Les Éditions Rougerie publient depuis plus de trente ans les manuscrits retrouvés du poète, rescapés de l’incendie du manoir de Camaret – dévastation du travail d’une vie qui l’aura pour finir fait mourir de chagrin, comme le coup de grâce de tant d’épreuves, la plupart liées à la guerre. Il est important de sauver l’oeuvre de ce précurseur, dont le sens profond s’attache justement à redonner vie à l’inerte, et puisqu’ un coeur bat dans tout, même dans les pierres du chemin.

Sylvie-E. Saliceti

 

 

Alouette

Les coups de ciseaux gravissent l’air.

Déjà le crêpe de mystère que jetèrent les fantômes du vêpre sur la chair fraîche de la vie, déjà le crêpe de ténèbre est entamé sur la campagne et sur la ville.

Les coups de ciseaux gravissent l’air.

Ouïs-tu pas la cloche tendre du bon Dieu courtiser de son tisonnier de bruit les yeux, ces belles-de-jour, les yeux blottis dessous les cendres de la nuit?

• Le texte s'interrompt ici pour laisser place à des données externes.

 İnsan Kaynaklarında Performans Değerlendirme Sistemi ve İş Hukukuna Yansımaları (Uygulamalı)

Les coups de ciseaux gravissent l’air.

Surgis donc du somme où comme morts nous sommes, ô Mienne, et pavoise ta fenêtre avec les lis, la pêche et les framboises de ton être.

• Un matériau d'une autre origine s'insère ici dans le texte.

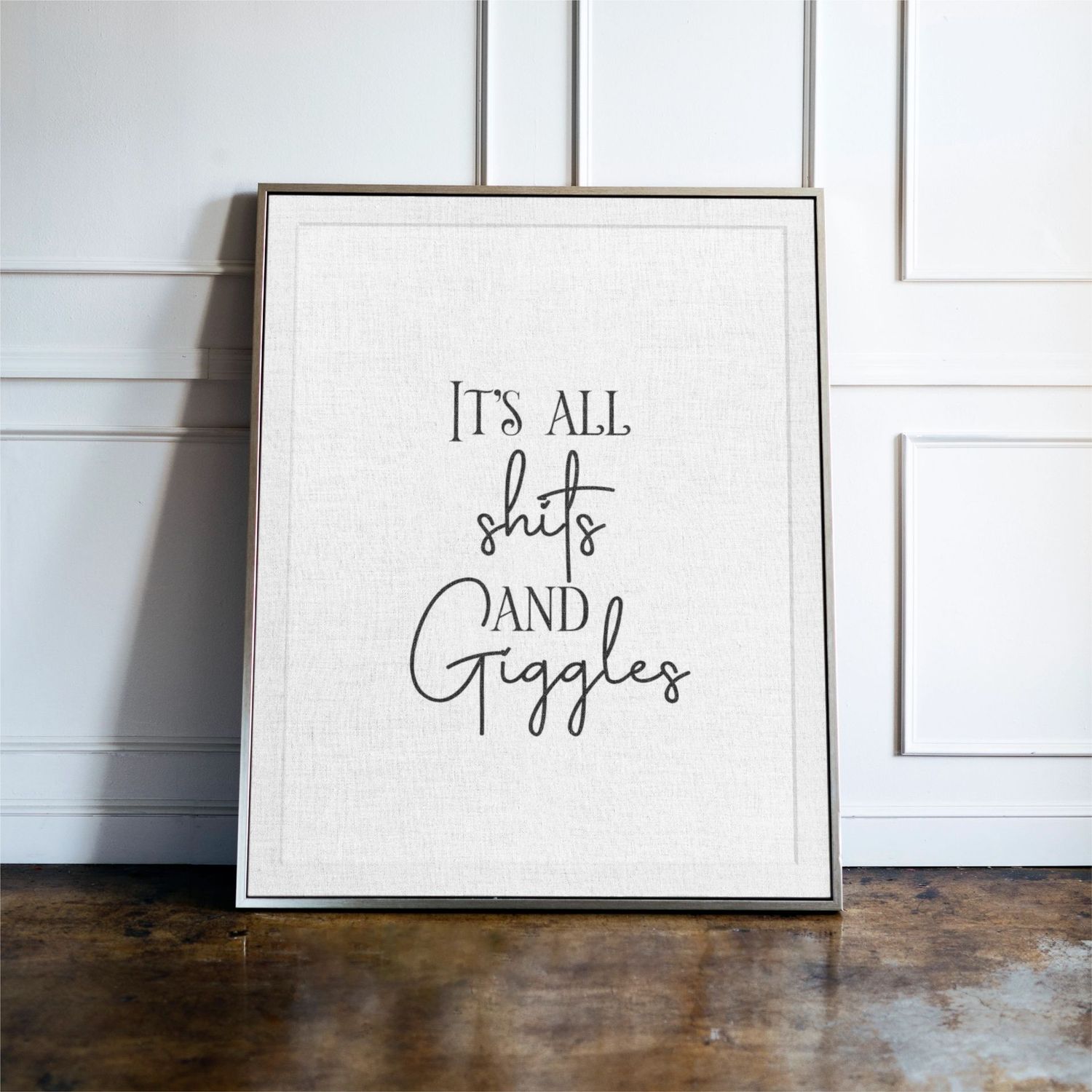 It's All Shits And Giggles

Les coups de ciseaux gravissent l’air.

Viens-t’en sur la colline où les moulins nolisent leurs ailes de lin, viens-t’en sur la colline de laquelle on voit jaillir des houilles éternelles le diamant divin de la vaste alliance du ciel

Les coups de ciseaux gravissent l’air.

Du faite emparfumé de thym, lavande, romarin, nous assisterons, moi la caresse, toi la fleur, à la claire et sombre fête des heures sur l’horloge où loge le destin, et nous regarderons là-bas passer le sourire du monde avec son ombre longue de douleur.

Les coups de ciseaux gravissent l’air.

Saint-Pol-Roux, La Rose et les épines du chemin, Les reposoirs de la procession I, Préface de Jacques Goorma, Poésie/Gallimard, 1997, pp 48/49.